While I was unable to make it in time for the first day, I did manage to attend the entire second day through to the end of AUVSI 2013 on the 15th. I spent almost my entire 3 days talking to folks on the exhibition floor, because thats where the cool toys are. Of course, of interest to LIDAR News readers, there were well-known industry players: Teledyne (Optech), Riegl, Trimble, Advanced Scientific Concepts, Neptec, MDL, LTI, Novatel, and many more. Interestingly, many of these companies were not in attendance 5 years ago.
According to AUVSI, this year the exhibit consisted of:
350,000 square feet of exhibit space
8,000 attendees from the military, government labs and regulatory agencies, law enforcement and first responders, academia, and industry
Doubling of attendance and exhibitions in 5 years
Many new platform entrants
Wide variety of sensors and support systems (with LIDAR readily apparent)
Large contingent of 3D capture and rendering (3D printing) firms
Heavy emphasis on emergent commercial applications
Lack of uniformed personnel
My first impression was of the sheer magnitude of the show. I have not attended this event in about 5 years. I would estimate that the attendance and the list of exhibitors has more than doubled since then. Additionally, the breadth and scope of categories of exhibitors has expanded tremendously.
No longer are there a handful of small firms interspersed among the giants (i.e. Boeing, Lockheed, Honeywell, Northrop, United Technologies, L3, FLIR, iRobot, DRS, Sikorsky, – the list goes on). Rather, the number of small and medium sized firms is huge and seems like a swarm around the few booths of the goliaths. Additionally, there have been many acquisitions (many that we know from the LIDAR world such as MDL acquired by Renishaw, Optech acquired Teledyne) in the intervening years.
One of the clearly new elements I observed was the plethora of companies, generally small and mostly off-shore, who were selling small and micro-UAV platforms. Some are not much more than RC toys, but are more than capable of carrying small HD cameras and video systems. There were demo flights of small quad copters with GoPro cameras, autonomous rovers with Sick and Hokuyo LIDAR sensors (for perception and sense-and-avoid). This seems to be a game-changer to me. When LIDAR sensors become small enough to fit on these platforms, suddenly inaccessible areas will be able to be scanned, while costs are driven down and efficiencies are maximized.
Other noteworthy aspects of the show were:
There were even new entrants like LEDDAR, a small Canadian firm that uses LED technology in a similar fashion to LIDAR.
There was a large section of floor space allocated to the many university groups who were displaying the various unmanned technologies they have developed.
Rapid and accurate 3D renderings from imagery processing software products were available from many vendors (e.g. Pix4D)

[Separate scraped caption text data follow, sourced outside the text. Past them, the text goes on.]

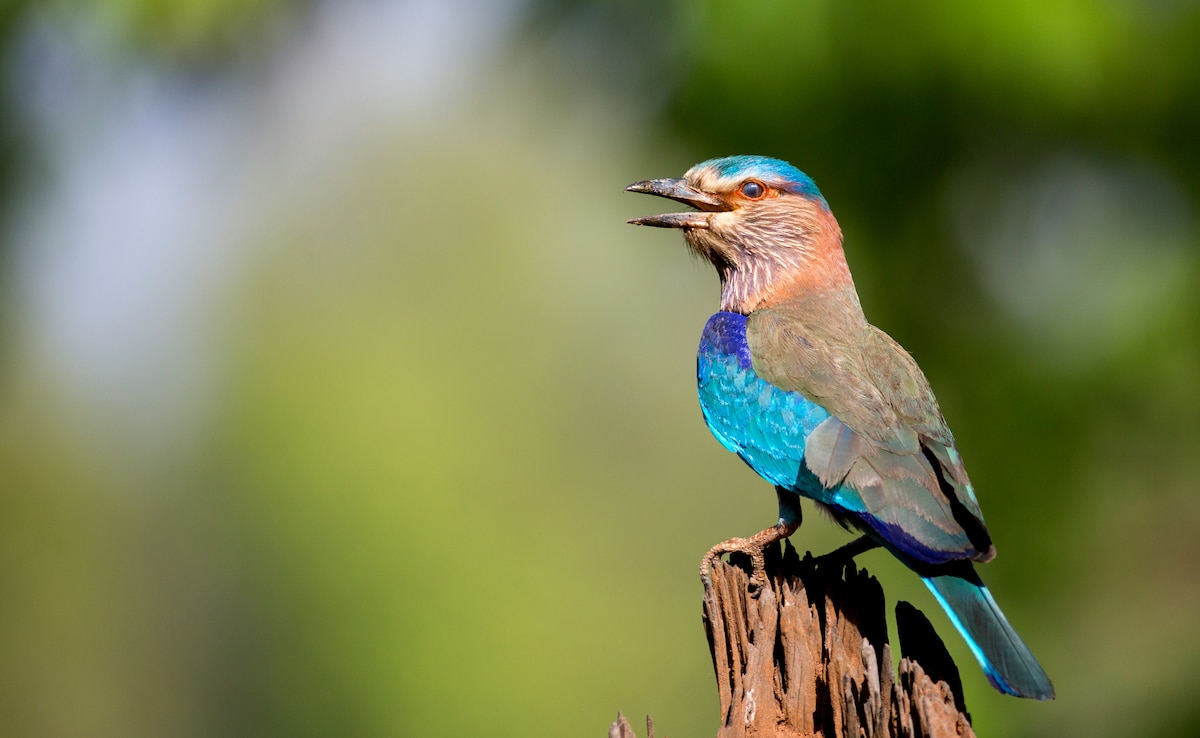 Indian roller. Photo: Unsplash Indian roller. Photo: Unsplash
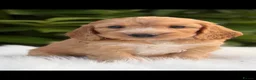 Cockapoo dogs for sale: Cockapoo males and females  - Advert 27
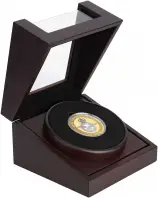 2018 Gold Proof Royal Air Force £10  Coin Presentation Case with Cert Guernsey side view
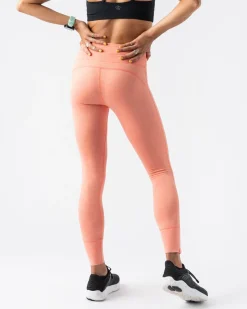 rabbit Tights><noscript><img width=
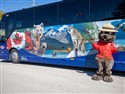 Corporal Mackenzie, mascot of Great Canadian Holidays & Coaches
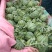 江苏西瓜，美都，家年华，8424头茬惊欣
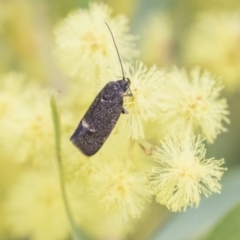 Leistomorpha brontoscopa at Higgins, ACT - 2 Oct 2019 10:22 AM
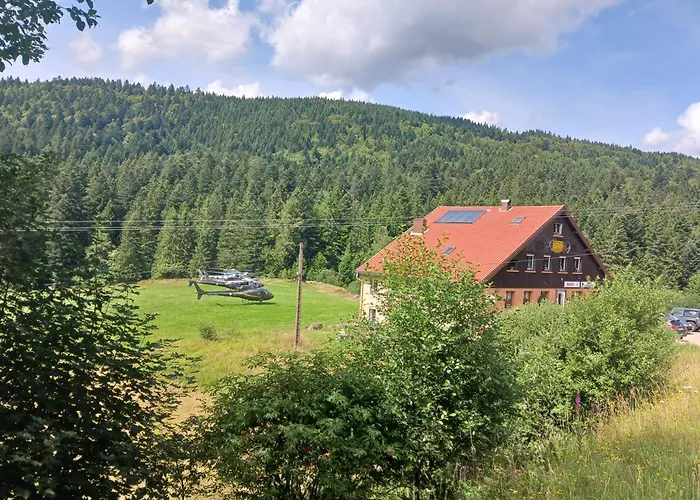 Domaine Des Hauts Viaux *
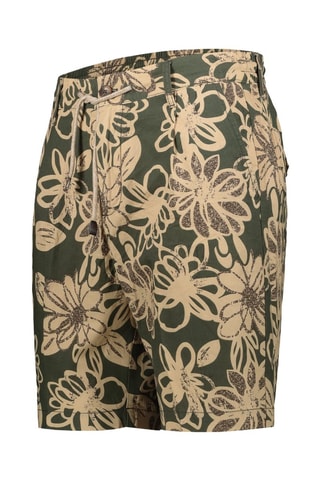 Bermuda - Beige, vert et marron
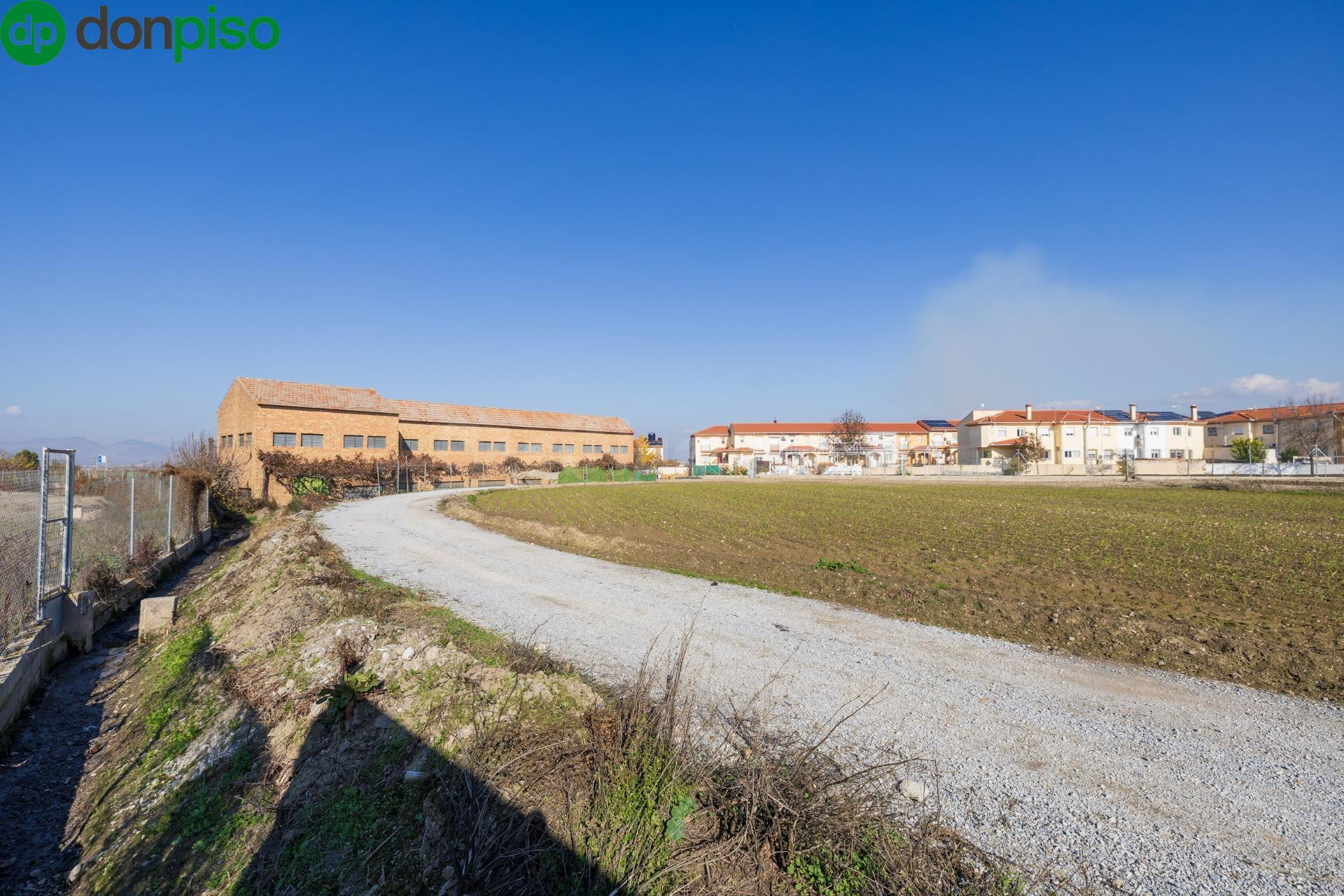Finca vallada y con pozo propio a escasos metros del entorno urbano de Belicena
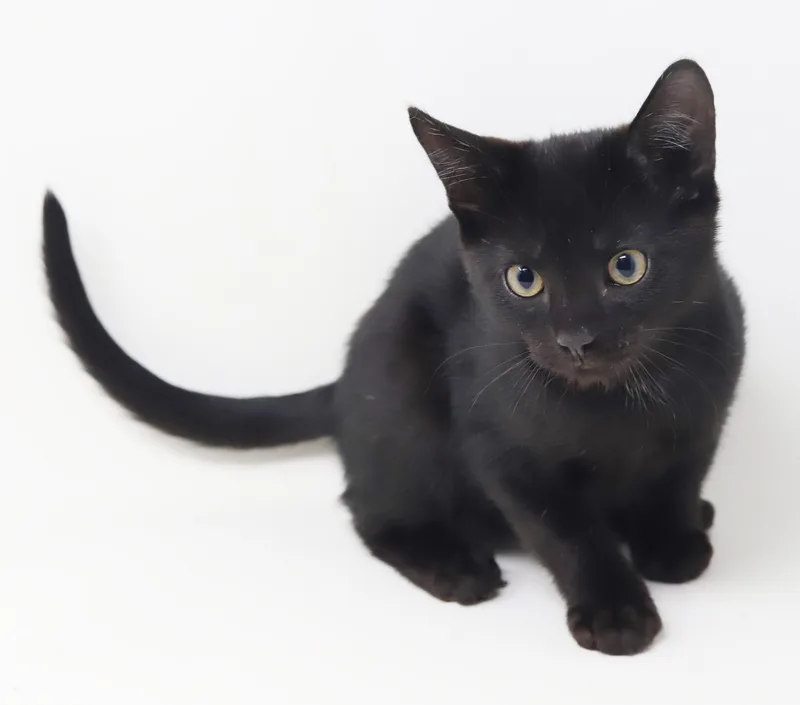 Cosmo Is The Ultimate thumbnail 6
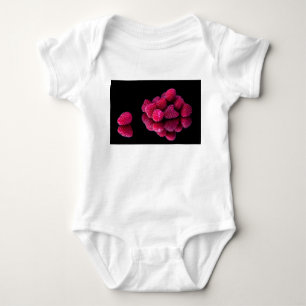 Raspberry still Life Romper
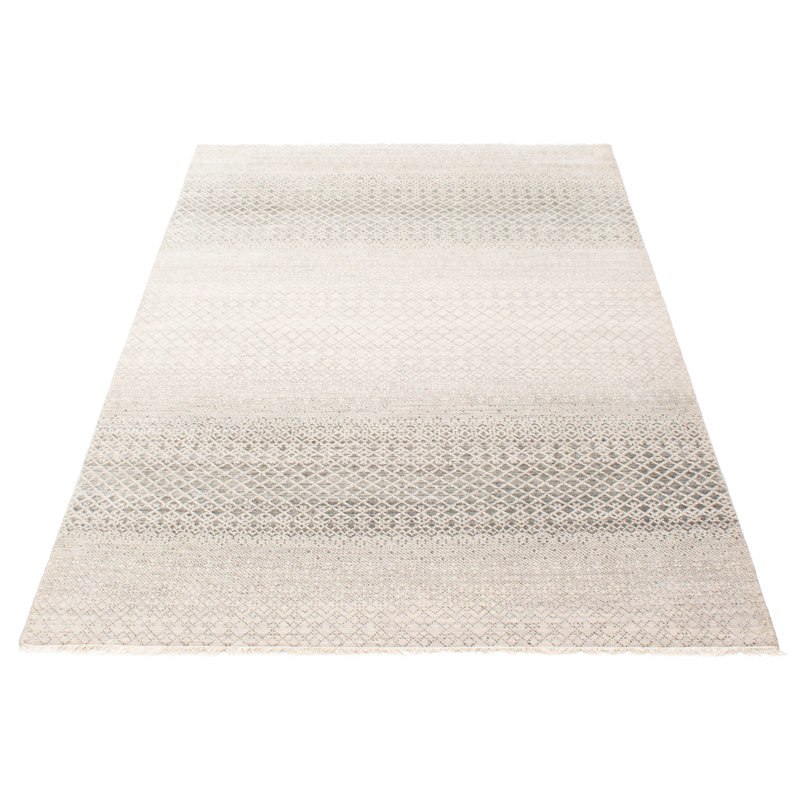 Tapis gris ombre en soie 6 pi 3 po x 9 pi 0 po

Autonomous Stuff: One of the more interesting and somewhat novel exhibitors I noticed at the show, Autonomous Stuff was offering solutions for many applications, primarily supplying components commonly used within autonomy systems. They had a fascinating array of perception devices (LIDAR, RADAR) as well as every kind of imaging and mapping sensor available. But they dont stop at providing componentry; they are offering a unique blend of services and training, including installation, integration and training. They told me that they were only a 5-year old firm. I think they were emblematic of the large number of small, young companies who were exhibiting at the show this year.
I attended a session where for the first time, the large research and government entities seemed to finally admit that it is the sensor, not the platform that is critical to the UAS mission. At this session, a colonel from the US Air Force mentioned that LIDAR was being used aboard platforms for tree canopy penetration (FOPEN). LIDAR now appears to be solidly in the vernacular of the military operations folks.
As for the LIDAR and related, I found interesting and extensive exhibits. For example (by no means a complete list):
Dynascan Their systems are being used not only for mapping, but can be mounted on ground vehicles trying to navigate around objects and rough terrain.
Now part of Teledyne and clearly re-branded, Optech had the new compact Orion sensor on display. It was apparent that Teledyne offers a broad set of unmanned sensor and vehicle options. According to Barry Cross (US Regional Sales Manager for Teledyne Defense & Security), UAV solutions are already operating and available from them.
Unfortunately, I was unable to get an opportunity for a sit-down interview with Jim Van Rens, RieglUSA, as he seemed to always have visitors in his booth. But clearly they are already in the unmanned arena.
Known for their speed enforcement and forestry applications, LTI had a number of distance-measuring-solutions available.
Tom Laux presented an interesting talk on the new Tiger Cub 3D product. It looks like some real advancements are taking place in the realm of flash-lidar.
The folks from Neptec had their Opal 360 system on display and operating. While space-rated and large and rugged for mining environments, they stated that a miniaturized version was in the works for other applications including some unmanned.